[cfe-commits] Patch to do static analysis with range sets
Ted Kremenek
kremenek at apple.com
Thu Feb 5 17:27:33 PST 2009
On Feb 1, 2009, at 12:06 AM, Ben Laurie wrote:
> Not complete - no self-tests and full of diagnostics, but I'd love to
> get comments about the approach. Also hints on implementing tests (Ted
> told me in IM, but I forgot), and how to preserve/add more debugging
> stuff in an approved way, since I find that this stuff hurts my head
> without it...
BTW, thanks again for tackling this.
To answer your inquiry, tests go in the test directory 'test' under
the 'clang' directory. We put analysis tests in test/Analysis. The
test suite can be run doing "make test" from the 'clang directory.

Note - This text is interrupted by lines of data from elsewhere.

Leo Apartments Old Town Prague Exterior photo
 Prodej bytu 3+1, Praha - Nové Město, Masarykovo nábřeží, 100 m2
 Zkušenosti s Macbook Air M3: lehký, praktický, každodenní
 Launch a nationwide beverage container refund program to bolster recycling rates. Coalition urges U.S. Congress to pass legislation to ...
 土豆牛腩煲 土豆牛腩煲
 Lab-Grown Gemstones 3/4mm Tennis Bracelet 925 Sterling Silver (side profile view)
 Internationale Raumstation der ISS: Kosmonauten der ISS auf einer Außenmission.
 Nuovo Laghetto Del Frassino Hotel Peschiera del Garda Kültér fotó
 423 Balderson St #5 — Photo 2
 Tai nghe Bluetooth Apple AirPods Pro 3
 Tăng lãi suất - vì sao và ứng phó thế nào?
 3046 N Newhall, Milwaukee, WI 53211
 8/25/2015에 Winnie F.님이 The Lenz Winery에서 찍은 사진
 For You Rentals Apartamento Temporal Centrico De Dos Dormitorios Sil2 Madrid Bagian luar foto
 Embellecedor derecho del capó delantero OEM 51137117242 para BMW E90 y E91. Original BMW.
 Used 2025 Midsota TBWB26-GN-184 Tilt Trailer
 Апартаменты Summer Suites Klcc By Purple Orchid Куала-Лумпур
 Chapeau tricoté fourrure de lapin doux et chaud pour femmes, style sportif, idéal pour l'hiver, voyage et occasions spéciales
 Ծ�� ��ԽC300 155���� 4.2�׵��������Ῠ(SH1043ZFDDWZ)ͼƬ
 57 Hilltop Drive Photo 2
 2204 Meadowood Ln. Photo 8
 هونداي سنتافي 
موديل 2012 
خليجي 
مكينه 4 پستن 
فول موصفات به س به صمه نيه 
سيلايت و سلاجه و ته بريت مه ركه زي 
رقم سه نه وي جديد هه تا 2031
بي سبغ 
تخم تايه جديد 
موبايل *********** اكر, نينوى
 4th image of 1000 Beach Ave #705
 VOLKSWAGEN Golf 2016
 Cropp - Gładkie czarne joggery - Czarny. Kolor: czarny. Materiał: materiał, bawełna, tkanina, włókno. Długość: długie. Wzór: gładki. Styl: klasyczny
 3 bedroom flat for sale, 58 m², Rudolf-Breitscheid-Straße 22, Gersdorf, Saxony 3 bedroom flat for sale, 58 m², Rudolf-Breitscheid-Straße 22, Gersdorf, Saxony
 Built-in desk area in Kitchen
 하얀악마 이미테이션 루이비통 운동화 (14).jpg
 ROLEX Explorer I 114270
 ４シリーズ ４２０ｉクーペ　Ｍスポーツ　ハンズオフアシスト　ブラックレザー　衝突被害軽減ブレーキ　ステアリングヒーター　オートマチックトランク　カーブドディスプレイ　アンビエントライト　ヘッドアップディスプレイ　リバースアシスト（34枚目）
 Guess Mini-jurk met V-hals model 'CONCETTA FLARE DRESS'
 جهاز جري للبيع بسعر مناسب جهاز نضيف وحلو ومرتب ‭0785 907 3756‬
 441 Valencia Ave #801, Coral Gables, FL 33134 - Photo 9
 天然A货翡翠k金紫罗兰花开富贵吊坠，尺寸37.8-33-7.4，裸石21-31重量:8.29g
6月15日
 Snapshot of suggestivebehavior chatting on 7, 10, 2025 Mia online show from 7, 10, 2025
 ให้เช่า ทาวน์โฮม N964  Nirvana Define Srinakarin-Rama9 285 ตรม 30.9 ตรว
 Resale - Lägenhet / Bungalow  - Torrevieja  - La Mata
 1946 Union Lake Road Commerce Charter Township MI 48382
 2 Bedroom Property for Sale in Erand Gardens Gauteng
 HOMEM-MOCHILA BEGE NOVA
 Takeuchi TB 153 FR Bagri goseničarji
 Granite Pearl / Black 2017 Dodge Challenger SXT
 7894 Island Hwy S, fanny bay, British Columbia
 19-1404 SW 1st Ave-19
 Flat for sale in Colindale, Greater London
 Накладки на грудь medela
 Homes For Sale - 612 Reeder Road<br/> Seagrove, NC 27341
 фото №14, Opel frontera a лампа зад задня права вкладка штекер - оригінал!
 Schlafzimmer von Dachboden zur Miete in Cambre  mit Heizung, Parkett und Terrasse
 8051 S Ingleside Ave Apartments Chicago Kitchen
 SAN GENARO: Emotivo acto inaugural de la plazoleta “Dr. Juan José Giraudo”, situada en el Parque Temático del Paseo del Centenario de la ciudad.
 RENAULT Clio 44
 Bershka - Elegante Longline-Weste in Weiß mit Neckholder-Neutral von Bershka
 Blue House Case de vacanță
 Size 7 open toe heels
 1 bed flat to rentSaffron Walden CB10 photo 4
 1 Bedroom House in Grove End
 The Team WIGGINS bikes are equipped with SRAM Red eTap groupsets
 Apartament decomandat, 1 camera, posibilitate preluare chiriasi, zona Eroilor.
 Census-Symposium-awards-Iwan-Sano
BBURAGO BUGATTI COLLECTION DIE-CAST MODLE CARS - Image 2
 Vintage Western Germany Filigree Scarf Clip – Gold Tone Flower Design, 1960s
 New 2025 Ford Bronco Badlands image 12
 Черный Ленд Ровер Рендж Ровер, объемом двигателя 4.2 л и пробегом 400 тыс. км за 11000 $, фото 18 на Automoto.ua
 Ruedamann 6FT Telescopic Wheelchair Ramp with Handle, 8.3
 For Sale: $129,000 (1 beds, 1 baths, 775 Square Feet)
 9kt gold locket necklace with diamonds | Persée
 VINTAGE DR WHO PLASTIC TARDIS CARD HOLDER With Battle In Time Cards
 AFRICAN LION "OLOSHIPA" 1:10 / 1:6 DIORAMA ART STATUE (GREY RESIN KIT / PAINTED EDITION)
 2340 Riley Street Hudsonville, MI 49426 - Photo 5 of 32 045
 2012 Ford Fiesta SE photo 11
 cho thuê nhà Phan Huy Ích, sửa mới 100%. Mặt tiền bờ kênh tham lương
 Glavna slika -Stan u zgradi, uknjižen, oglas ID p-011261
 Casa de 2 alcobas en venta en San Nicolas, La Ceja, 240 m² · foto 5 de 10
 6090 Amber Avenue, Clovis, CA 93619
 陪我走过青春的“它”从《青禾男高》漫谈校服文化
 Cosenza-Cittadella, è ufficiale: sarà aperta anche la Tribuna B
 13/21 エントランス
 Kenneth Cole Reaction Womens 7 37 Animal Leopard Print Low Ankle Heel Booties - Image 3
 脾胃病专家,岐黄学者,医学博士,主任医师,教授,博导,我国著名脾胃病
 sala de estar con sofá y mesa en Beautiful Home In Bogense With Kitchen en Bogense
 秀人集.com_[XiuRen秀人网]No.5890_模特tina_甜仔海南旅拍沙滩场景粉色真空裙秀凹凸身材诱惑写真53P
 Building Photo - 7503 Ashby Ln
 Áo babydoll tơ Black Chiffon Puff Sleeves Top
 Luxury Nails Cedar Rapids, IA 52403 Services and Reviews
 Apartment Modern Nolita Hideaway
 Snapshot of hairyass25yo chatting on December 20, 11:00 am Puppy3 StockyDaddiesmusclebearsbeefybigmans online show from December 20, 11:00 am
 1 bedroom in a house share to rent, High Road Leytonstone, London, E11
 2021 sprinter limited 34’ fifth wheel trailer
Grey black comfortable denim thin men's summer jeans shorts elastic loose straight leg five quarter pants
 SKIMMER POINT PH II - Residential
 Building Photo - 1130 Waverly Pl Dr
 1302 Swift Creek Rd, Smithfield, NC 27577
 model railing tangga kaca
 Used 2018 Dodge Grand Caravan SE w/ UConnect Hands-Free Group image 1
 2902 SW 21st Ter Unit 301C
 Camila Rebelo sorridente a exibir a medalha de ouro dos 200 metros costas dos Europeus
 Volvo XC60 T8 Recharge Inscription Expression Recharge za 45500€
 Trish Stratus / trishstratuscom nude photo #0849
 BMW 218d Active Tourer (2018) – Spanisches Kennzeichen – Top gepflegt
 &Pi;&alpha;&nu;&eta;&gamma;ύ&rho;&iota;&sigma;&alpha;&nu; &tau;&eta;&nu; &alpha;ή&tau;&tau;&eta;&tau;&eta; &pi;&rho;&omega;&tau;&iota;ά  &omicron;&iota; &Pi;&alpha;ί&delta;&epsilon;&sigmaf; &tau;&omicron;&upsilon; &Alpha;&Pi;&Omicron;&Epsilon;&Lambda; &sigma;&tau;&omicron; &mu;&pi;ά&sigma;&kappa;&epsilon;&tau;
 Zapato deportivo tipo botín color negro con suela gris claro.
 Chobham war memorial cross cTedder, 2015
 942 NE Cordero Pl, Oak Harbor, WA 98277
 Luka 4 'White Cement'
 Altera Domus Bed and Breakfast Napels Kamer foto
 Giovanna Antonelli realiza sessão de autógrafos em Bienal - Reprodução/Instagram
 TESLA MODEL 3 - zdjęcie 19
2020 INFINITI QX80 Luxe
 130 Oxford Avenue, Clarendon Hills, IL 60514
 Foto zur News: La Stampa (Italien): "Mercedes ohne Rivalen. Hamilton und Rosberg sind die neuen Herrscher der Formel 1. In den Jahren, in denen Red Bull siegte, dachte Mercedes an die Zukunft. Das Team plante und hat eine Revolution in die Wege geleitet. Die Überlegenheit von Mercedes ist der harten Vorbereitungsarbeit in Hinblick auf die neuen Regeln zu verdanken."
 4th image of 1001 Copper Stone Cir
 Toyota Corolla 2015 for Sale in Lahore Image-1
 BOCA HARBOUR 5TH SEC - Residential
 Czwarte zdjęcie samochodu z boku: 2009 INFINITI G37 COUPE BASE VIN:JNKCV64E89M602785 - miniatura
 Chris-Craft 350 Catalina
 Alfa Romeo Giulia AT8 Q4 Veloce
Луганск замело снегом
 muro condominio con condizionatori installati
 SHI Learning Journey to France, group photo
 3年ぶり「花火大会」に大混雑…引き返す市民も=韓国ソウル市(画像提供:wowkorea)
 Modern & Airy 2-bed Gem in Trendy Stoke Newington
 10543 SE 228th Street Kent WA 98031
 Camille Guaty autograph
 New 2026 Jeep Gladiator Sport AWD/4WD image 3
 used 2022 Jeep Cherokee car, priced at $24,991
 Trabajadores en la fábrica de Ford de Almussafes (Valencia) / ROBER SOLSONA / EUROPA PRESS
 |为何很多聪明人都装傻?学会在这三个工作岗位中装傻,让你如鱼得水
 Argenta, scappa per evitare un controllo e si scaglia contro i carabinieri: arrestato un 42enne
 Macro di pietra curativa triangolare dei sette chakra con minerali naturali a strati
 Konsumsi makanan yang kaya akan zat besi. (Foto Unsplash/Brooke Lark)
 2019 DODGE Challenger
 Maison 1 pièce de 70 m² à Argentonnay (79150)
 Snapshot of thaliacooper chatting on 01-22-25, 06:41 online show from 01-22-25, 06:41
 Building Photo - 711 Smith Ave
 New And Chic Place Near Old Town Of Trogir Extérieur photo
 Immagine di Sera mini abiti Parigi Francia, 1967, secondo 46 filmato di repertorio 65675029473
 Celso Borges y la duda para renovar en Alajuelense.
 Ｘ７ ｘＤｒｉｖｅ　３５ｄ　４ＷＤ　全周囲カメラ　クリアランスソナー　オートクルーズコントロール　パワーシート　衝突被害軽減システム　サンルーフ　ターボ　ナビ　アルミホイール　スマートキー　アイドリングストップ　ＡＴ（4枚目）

Tests are best explained via example. Here is the top fragment of
test file test/Analysis/uninit-vals.c:
// RUN: clang -analyze -warn-uninit-values -verify %s
int f1() {
int x;
return x; // expected-warning {{use of uninitialized variable}}
}
int f2(int x) {
int y;
int z = x + y; // expected-warning {{use of uninitialized
variable}}
return z;
}
The top line of a test will be the "RUN" line, which shows the line
you pass to clang. '%s' gets substituted by the test harness for the
name of the current source file.
Notice the '-verify' flag to clang. It is used by clang to cross
check it's own diagnostics. Essentially it puts clang in a mode where
it collects all of its diagnostics and checks see if there are any
expected errors or warnings that showed up or didn't show up. The
test indicates the expected warnings/errors using special comments on
the line where the diagnostic would be emitted. There are four kinds
of annotations:
expected-warning{{A SUBSET OF THE TEXT YOU EXPECT}}
expected-error{{...}}
expected-note{{...}}
no-warning
Clang divides diagnostics into errors (e.g., could not parse a file,
stopping), warnings, and notes. Warnings are basically any type
checking warnings, but also (in this mode) include diagnostics from
the analyzer. no-warning means that you expected no warning to appear
on that line. no-warning is somewhat cosmetic; the test will fail if
there are *any* warnings that you didn't explicitly expect.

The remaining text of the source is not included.